The Strait of Hormuz may reopen within the next day or two, but the return of tanker traffic would not restore the old market. Donald Trump said a deal to end the war would be signed on Sunday and the waterway would open immediately after; later reporting pointed to a signing in Geneva, Switzerland and the possibility that oil could start moving again as early as June 19. Even so, shipping companies remain wary after the fighting turned the strait into the largest supply disruption in the history of the global oil market.

That caution is rooted in the strait’s scale. Hormuz is the primary export route for oil from Saudi Arabia, the United Arab Emirates, Kuwait, Qatar, Iraq, Bahrain and Iran. It also carries about 93% of Qatar’s LNG exports and 96% of the UAE’s LNG exports, equal to 19% of global LNG trade. In normal conditions, the U.S. Energy Information Administration says oil flows through the corridor average about 20 million barrels per day, roughly one-fifth of global petroleum liquids consumption.

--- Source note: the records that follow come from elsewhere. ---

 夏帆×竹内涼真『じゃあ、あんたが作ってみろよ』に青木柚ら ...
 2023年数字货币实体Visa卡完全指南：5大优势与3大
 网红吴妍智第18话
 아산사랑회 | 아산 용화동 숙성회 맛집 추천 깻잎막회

The disruption has already left a measurable scar on supply. The International Energy Agency said the 2026 Middle East war caused the largest supply disruption in the history of the global oil market, with crude and product flows falling from around 20 million barrels per day before the war to a trickle. The agency said Gulf countries cut total oil production by at least 10 million barrels per day, while the Energy Information Administration estimated that Iraq, Saudi Arabia, Kuwait, the UAE, Qatar and Bahrain collectively shut in 7.5 million barrels per day of crude production in March. The EIA also said flows through Hormuz fell almost 30% year over year to 14.6 million barrels per day in the first quarter of 2026.

AI-generated illustration
AI-generated illustration

That is why reopening the channel does not mean a return to prewar trade patterns. Analysts say tanker traffic could rebound quickly, but it is unclear whether transits will climb all the way back to previous levels, and insurers are likely to keep pricing in the risk of renewed disruption. Richard Goldberg, a former Trump administration National Security Council official, called Hormuz a “diminishing asset,” pointing to Gulf investment in alternative pipelines and other chokepoint-avoiding infrastructure.

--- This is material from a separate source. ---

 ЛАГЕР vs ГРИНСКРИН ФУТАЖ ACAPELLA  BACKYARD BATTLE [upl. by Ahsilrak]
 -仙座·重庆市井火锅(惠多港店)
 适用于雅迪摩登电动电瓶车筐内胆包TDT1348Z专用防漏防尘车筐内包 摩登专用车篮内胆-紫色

The effects spread well beyond crude cargoes. UNCTAD says the disruption ripples through energy, fertilizers, global trade and development, widening the cost for importers and consumers far from the Persian Gulf. If the strait reopens, the fastest adapters will be producers with bypass routes, shippers able to reroute and insure vessels, and importers already diversifying supply. The longer-term bill will fall on countries and communities that cannot escape the new risk premium baked into moving energy through one narrow waterway.